The surprise presentation of the award at the meeting held in Sacramento on Nov. 3 brought Persson and many others in the room to tears, according to Guillotte, who attended the meeting.
"I think it was a wonderful choice," Guillotte said. "She's really put her heart and soul into this club and I'm proud of her."
The NCHPA is itself a charter organization of the National Horseshoe Pitchers Association. More than 500 horseshoe pitchers in 33 clubs from Bakersfield to the Oregon border are members of the NCHPA, according to its current president, Harlen Rippetoe.
"I selected her on the basis of her past activities with the Tuolumne club and her organizational skills working with the community," said Rippetoe by telephone from his Madera home. "I know she works really hard with the parks department up there and with the casino to help develop specialized money tournaments for the association. She's just the absolute backbone of that Tuolumne club."
To his knowledge, no one with the Tuolumne club has ever received the annual award given as special recognition to members who put forth an extra effort behind the scenes.
"To be honest, I've had my eye on Barbara for a longtime to receive this award and I'm glad to finally get to recognize her this way," he said.
The Tuolumne County Horseshoe Club formed in 1991 following the construction of courts near the Tuolumne County Public Library branch in the township of Tuolumne.
The club became a charter of the NCHPA after gaining 50 members in 1992, according to Persson.

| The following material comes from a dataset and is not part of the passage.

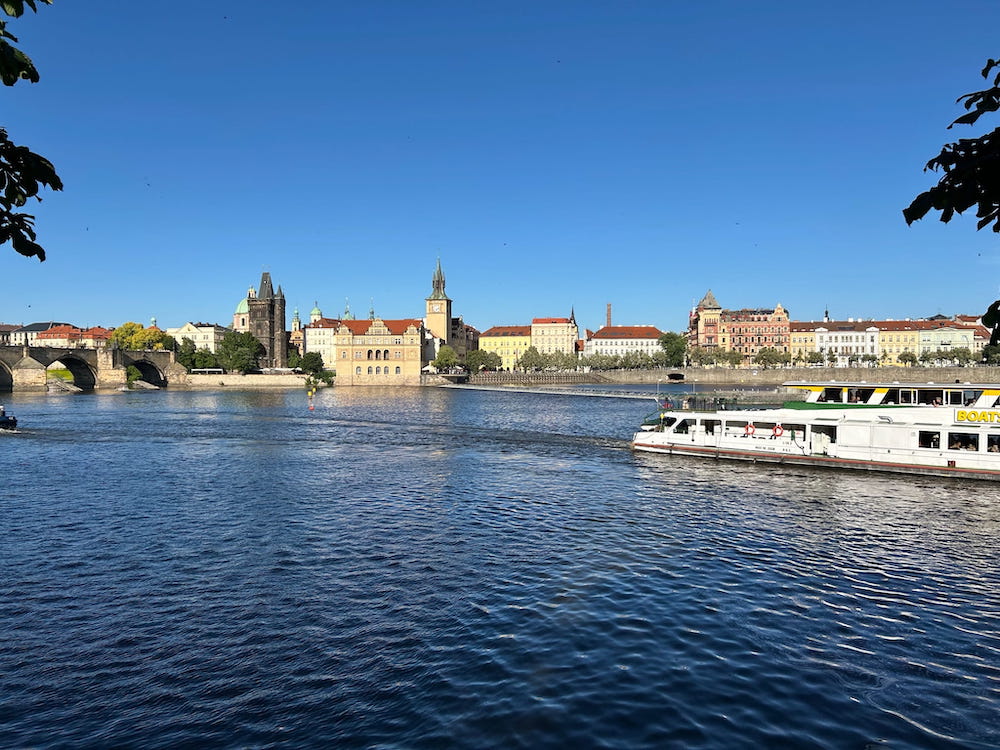 Prague Old Town, as viewed from Charles Bridge in Prague, Czechia.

Currently, the club has roughly 27 members, she said.
Persson started pitching horseshoes the same year the club formed when her late brother, John Pee Wee James, convinced her to join. The next year she volunteered to serve as the club's secretary and has since been shifting roles where needed within the organization, even serving as club president in 2000.

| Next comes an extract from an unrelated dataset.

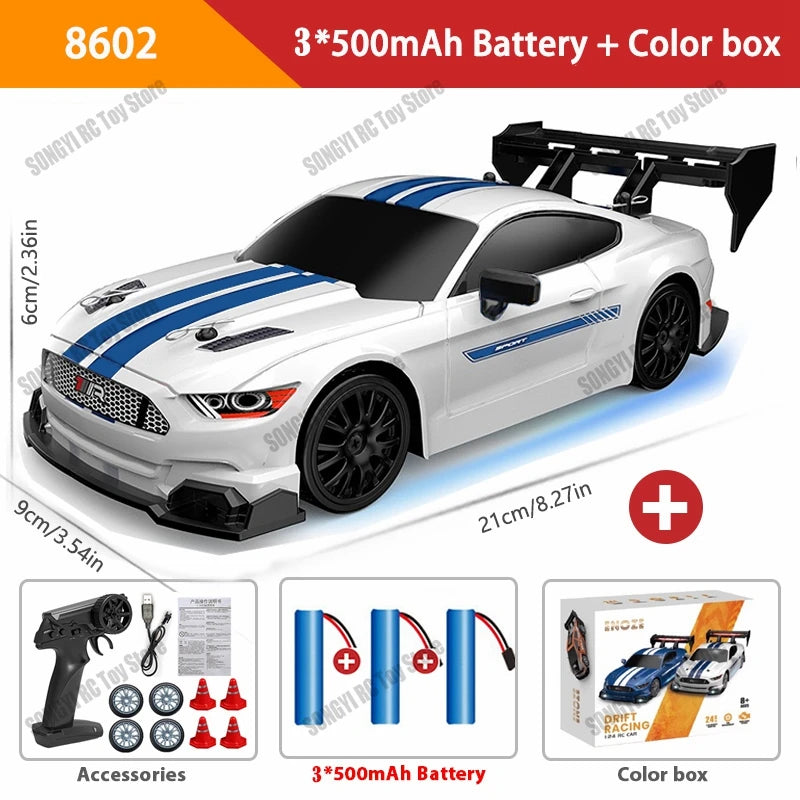 1:24 High Speed RC Drift Vehicle Cars Mustang 4WD Remote Control Racing Car Gift Competition Race Car Boys Toy Replaceable Tire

She used to pitch horseshoes at tournaments all over the Central Valley and claimed the crown at the Black Oak Casino Tournament in 2003. However, she's mostly left her playing days behind and taken a more administrative role within the club since the death of her husband.
"I was more dedicated to doing the hard work stuff, like being secretary, treasurer and sending reports to the NCHPA," she explained.
Persson continued the work she began with her brother, who originally helped spearhead the effort to construct the horseshoe courts, by regularly attending Tuolumne Parks and Recreation Department meetings and raising money to maintain the courts for the community.
Proceeds from a snack shop Persson used operate all went to construct six additional horseshoe pits and screens that hang from tall poles along the outer edges, which provide shade for pitchers during the summer.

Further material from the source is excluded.